EXERCISE PROMPT:
In the entries below, find the line with "Drawing the head and hands" and the line with "Kucing Makan Berlebihan"; copy them and every line between them exactly, but not the pictures.

ENTRIES SHOWN:

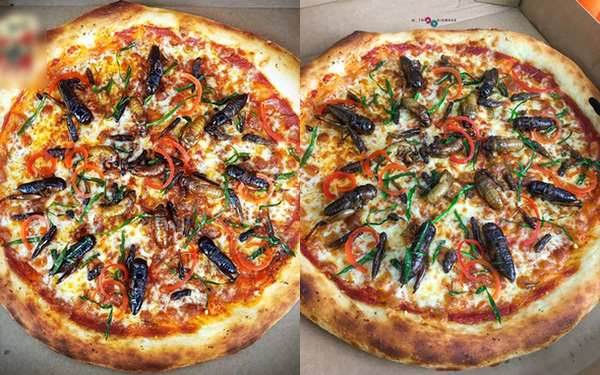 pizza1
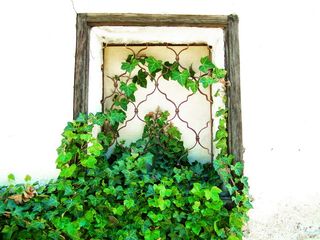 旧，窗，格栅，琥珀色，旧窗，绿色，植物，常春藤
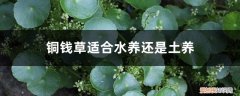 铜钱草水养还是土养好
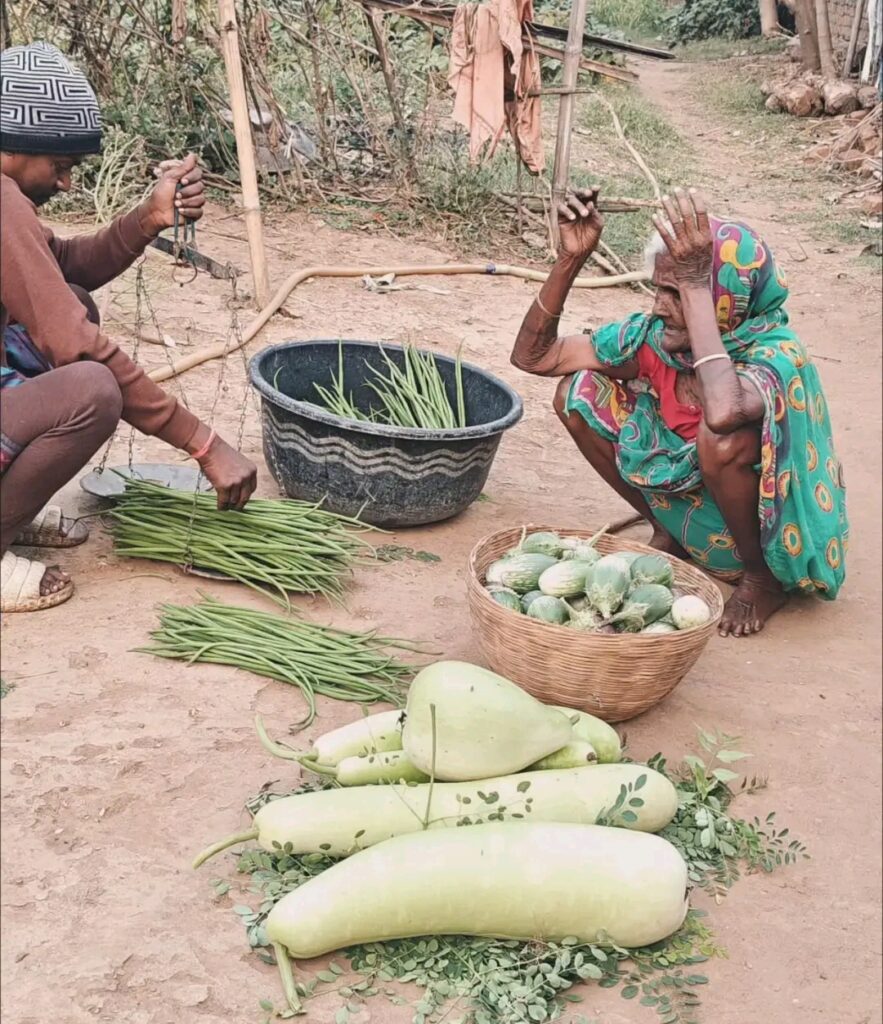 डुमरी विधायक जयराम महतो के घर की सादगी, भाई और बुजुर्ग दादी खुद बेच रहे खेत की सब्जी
...
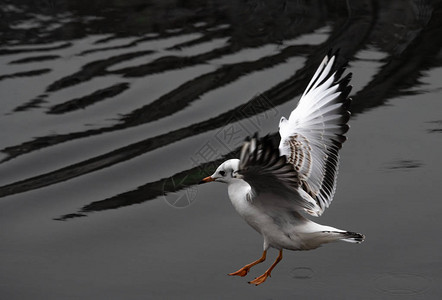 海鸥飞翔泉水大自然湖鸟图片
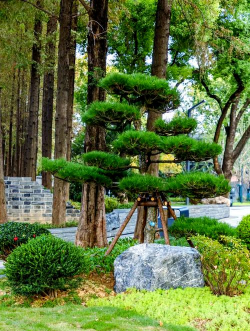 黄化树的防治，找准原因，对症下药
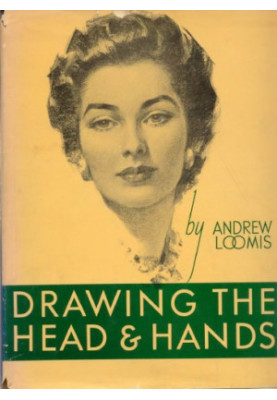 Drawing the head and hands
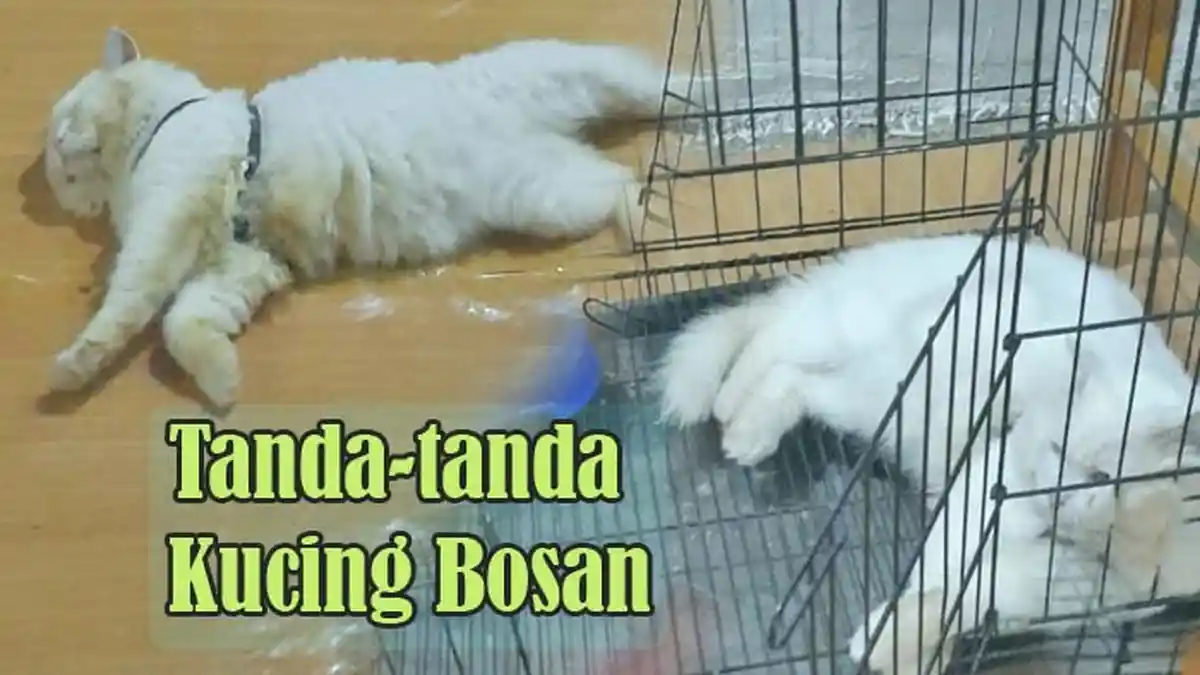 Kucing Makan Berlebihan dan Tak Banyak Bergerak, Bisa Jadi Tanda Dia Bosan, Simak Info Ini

YOUR SOLUTION:
 Drawing the head and hands
 Kucing Makan Berlebihan dan Tak Banyak Bergerak, Bisa Jadi Tanda Dia Bosan, Simak Info Ini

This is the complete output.